Operator: Our next question comes from Lyman Delano with Beck Mack & Oliver LLC.
Lyman Delano: Can you hear me now? Great. Earlier this week there was an article in the Wall Street Journal on the fact that Deere is seeking a satellite network to provide connectivity in remote rural areas, specifically mentioning the US, Canada and Brazil, where I note that Globalstar has full coverage. I was wondering if Globalstar is eligible to provide this type of service to someone like John Deere, and if so, do you have the capacity available to do that, given the commitment you have to your major partner to provide a fairly large percentage of your satellite capacity?
David Kagan: That’s a great question, Lyman. So, yes, we were involved in the early days of that process. We continue to push our capabilities into John Deere and other agricultural focused companies, but what they’re looking for is more of a broadband type of service and a two way service, which most of the issue is for us, would be the broadband capabilities that they’re looking for. Video, live video streams and the like. And so we’re probably not likely to win that bid. And we’re of course, going after other aspects of what they do and others in that marketplace with what we can do for them, whether it’s water management, tank monitoring, and all the other typical one way and low bit data rate type solution we can provide.
So it’s not applicable to what we do from a broadband perspective. We will have a bigger part of the pie as we go forward with our two way product late in the year, as we talked about already. But yes, clearly there is a lot of activity in the smart Ag market and we are playing in the parts that we can play in.
Kyle Pickens: Yes, Lyman, this is Kyle. I think there’s also some opportunities for Band 53 to play a part in some of those types of deployments. So if they need high bandwidth services, you could imagine them. If it’s a big farm, you could put a single tower and cover a large part of the farm, or maybe multiple towers. You just need to backhaul it in some other way. So there could be some combinations of satellite and Band 53 type services.
Operator: Thank you. And this concludes the Q&A session. I’d now like to turn the call back over to Jay Monroe for any closing remarks.
Jay Monroe: Great. A couple of things. First on a truly qualitative basis. There is not a room that we walk into today where the conversation hasn’t changed radically as a result of everything that we’ve been doing in the last couple of years, whether it’s direct to handset with a truly transformative partner or our relationship with Qualcomm, which finalized the Band 53 infrastructure picture for us. As well as made the chipset available to all handset manufacturers that they currently work with. Between Apple and Samsung alone, they control 86% of the US handset market and they are of course, large Qualcomm customers. So our ecosystem continues to expand. We appreciate everybody’s questions today. Obviously, this has been a record quarter for us and it starts a new chapter.
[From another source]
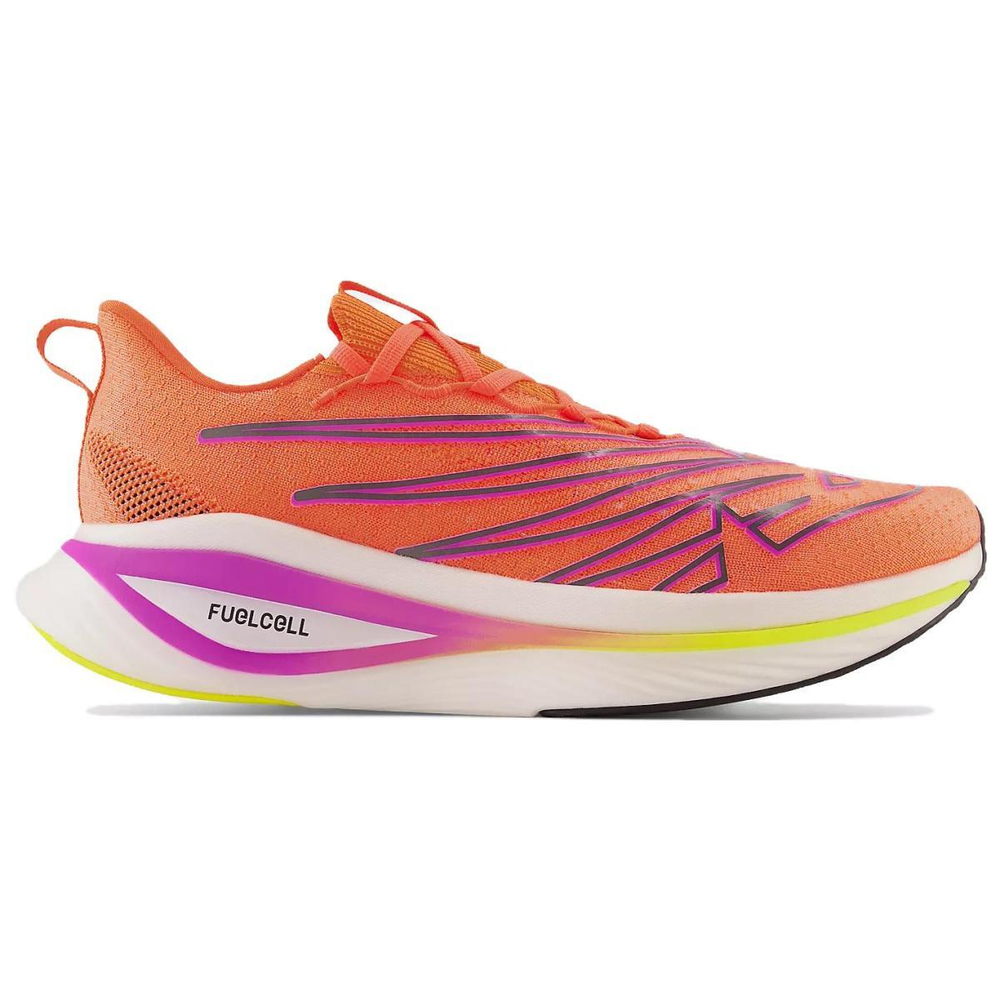 New Balance NB 891 SuperComp Elite v3
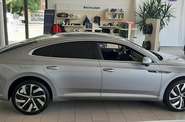 Volkswagen Arteon R-Line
The platform and the ecosystem I were just talking about are in place and with a clean balance sheet providing us unconstrained runway, it’s now our entire focus to drive the utilization of these space and terrestrial assets. Our solutions are absolutely at the forefront of the market and though we’re talking about driving significant revenue and cash generating opportunities. at Globalstar, we never lose sight of the fact that our technology is ultimately saving lives. This is a big reason why our partners have selected us, and it drives our mission every day. We look forward to engaging with all of you in the future months.
Operator: Thank you. This concludes today’s conference call. Thank you for participating. You may now disconnect.